Image-text web data:
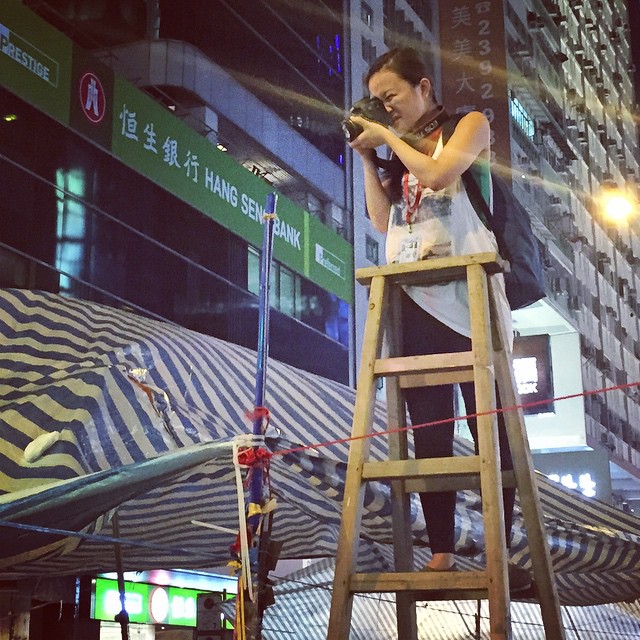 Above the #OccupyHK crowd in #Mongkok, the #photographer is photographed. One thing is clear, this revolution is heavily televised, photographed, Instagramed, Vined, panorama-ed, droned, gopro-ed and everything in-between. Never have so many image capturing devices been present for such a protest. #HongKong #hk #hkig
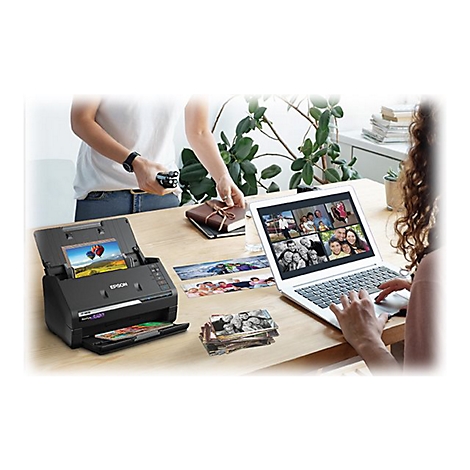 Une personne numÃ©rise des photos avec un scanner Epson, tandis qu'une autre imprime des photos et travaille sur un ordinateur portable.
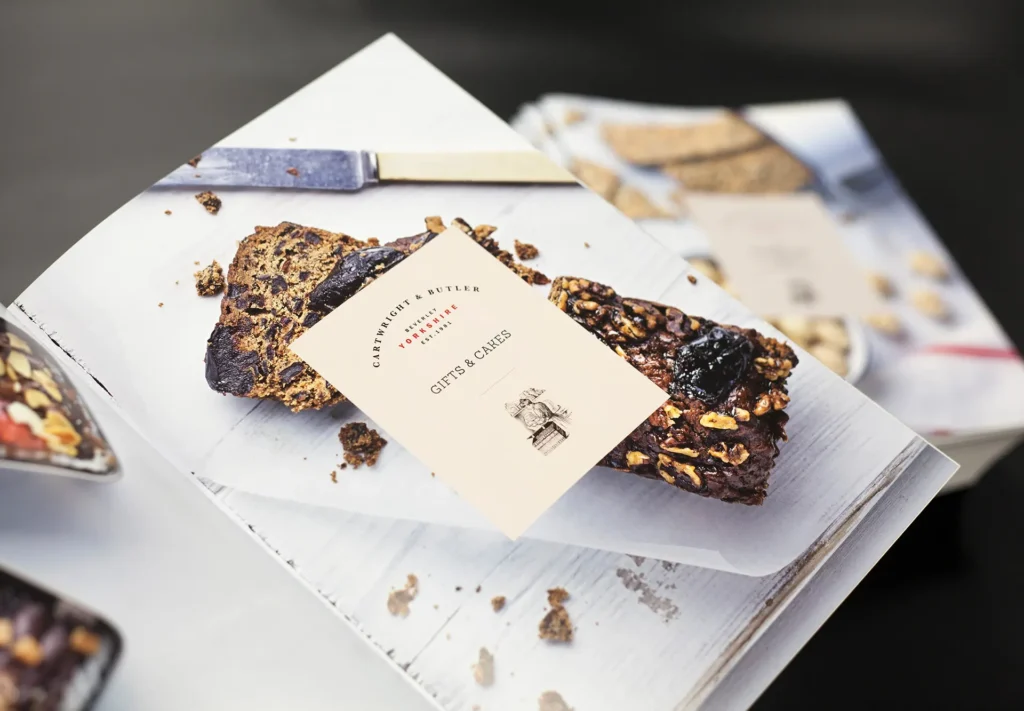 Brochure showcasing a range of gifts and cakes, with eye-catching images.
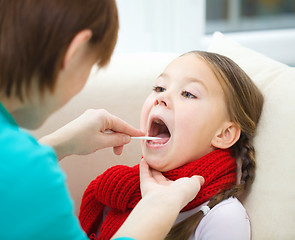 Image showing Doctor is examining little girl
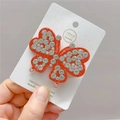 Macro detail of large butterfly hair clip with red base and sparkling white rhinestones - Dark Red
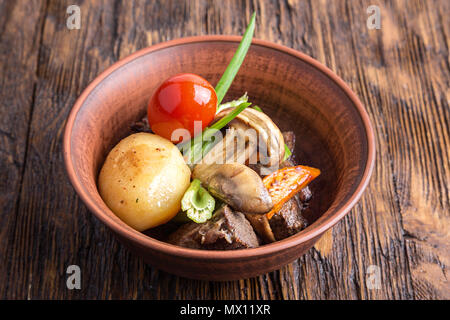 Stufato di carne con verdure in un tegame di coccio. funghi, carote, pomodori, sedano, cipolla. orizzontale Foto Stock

> [Task requirements] Once the line containing "Macro detail of" is found, transcribe it and every line after it to the end of the records, exactly and with no pictures.

> [Task solution]
 Macro detail of large butterfly hair clip with red base and sparkling white rhinestones - Dark Red
 Stufato di carne con verdure in un tegame di coccio. funghi, carote, pomodori, sedano, cipolla. orizzontale Foto Stock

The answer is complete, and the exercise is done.